The first-night sleeping was difficult, there were so many noises around the tent! Arriving in the dark we had no idea of what surrounded the camp. On waking the following morning the view was amazing, as the camp is set along the banks of the Limpopo River. The noises from the previous night turned out to be baboons that roam freely through the camp and surrounding areas. Facilities at the camp were great, with two bathrooms, a large kitchen, a scullery, leisure and eating area.
No two days are the same, you can be up and out from early as 3am! It’s amazing to be so close to wild animals and worth getting up at all hours in the morning to see them. We saw so many animals whilst out driving through the land, including many antelope species, elephants, wildebeest, zebra, warthogs, spring hares etc. along with many different bird, reptile and insect species. It was fantastic to see them all in their natural habitats.
The best sighting was the leopards as we were so close to such beautiful animals. A scary moment was when a huge bull elephant came from nowhere and charged towards our vehicle, we made a very hasty retreat! Stuart our leader had seemingly endless knowledge of all the surroundings and animals and taught us such a lot.
There can be up to eight people at camp and everyone gets to do duties such as preparing meals, washing up and keeping everywhere tidy, which changed at the beginning of every week.

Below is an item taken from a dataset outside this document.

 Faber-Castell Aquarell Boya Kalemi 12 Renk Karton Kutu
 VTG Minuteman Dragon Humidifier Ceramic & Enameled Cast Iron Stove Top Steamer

During the day it gets extremely hot but can be very cold at night sometimes down to –2 degrees!
We spent two nights out in the bush, which sounded quite scary but was actually really good fun! The first was at Mamatumi, a lookout over a watering hole, and the second at Elephant Springs. We each in turn had to take shifts to keep watch for any signs of movement close by, whilst keeping the fire going to deter any animals.
Every other day we would go on game counts whereby all the game species, such as kudu, zebra, impala and wildebeest etc. were recorded onto data sheets. Each drive took a different route and could sometimes take hours to complete. Specially prepared data sheets were used to record all information ranging from raptor recordings, mortality records, elephant sightings, weekly rainfall and vegetation monitoring. This information is then typed up onto the laptop and copies are sent away for analysis.
Every Sunday was our day of rest! By this time we were all shattered from the week's events. This was our time to stay around camp and do as we wanted. At some point during the day, the whole group would come together and join in an activity such as craft making, Afrikaan lessons and volleyball matches. Volleyball seemed to become a regular thing whenever we had any spare time to play.
Once a week we would go to Polokwane, the local town in South Africa. This was a four-hour drive there and back, crossing the border to change countries along the way. It gave us an opportunity to buy anything we needed including food and souvenirs. One of the main reasons for going into town was to pick up new students coming to stay at Tuli and also to drop off those who were returning home.
During my third week, I took a trackers test. This involved studying animal tracks, prints from a book, identifying them on the ground out in the bush and answering questions about them. It was a lot harder than I thought it would be as there were so many different prints to learn! But everyone managed to pass it before they returned home. Passing the test meant that you gained the position of tracker on the front of the vehicle. This was fantastic and gave me the opportunity to spot animals before anybody else and to use the spotlight when out on night drives.
I had an absolutely fantastic time at Tuli and was really sad to be leaving as I met so many new people and was really welcomed into the camp as soon as I arrived. Once I arrived home I had my photos developed straight away and they were amazing. They are a constant reminder of the best experience I have ever had and I would definitely recommend this trip to anyone, as Africa is such an amazing place.
A special thank you to Stuart Quinn and Annelien at Tuli for providing a truly fantastic experience and African Conservation Experience for such excellent organisation of the trip.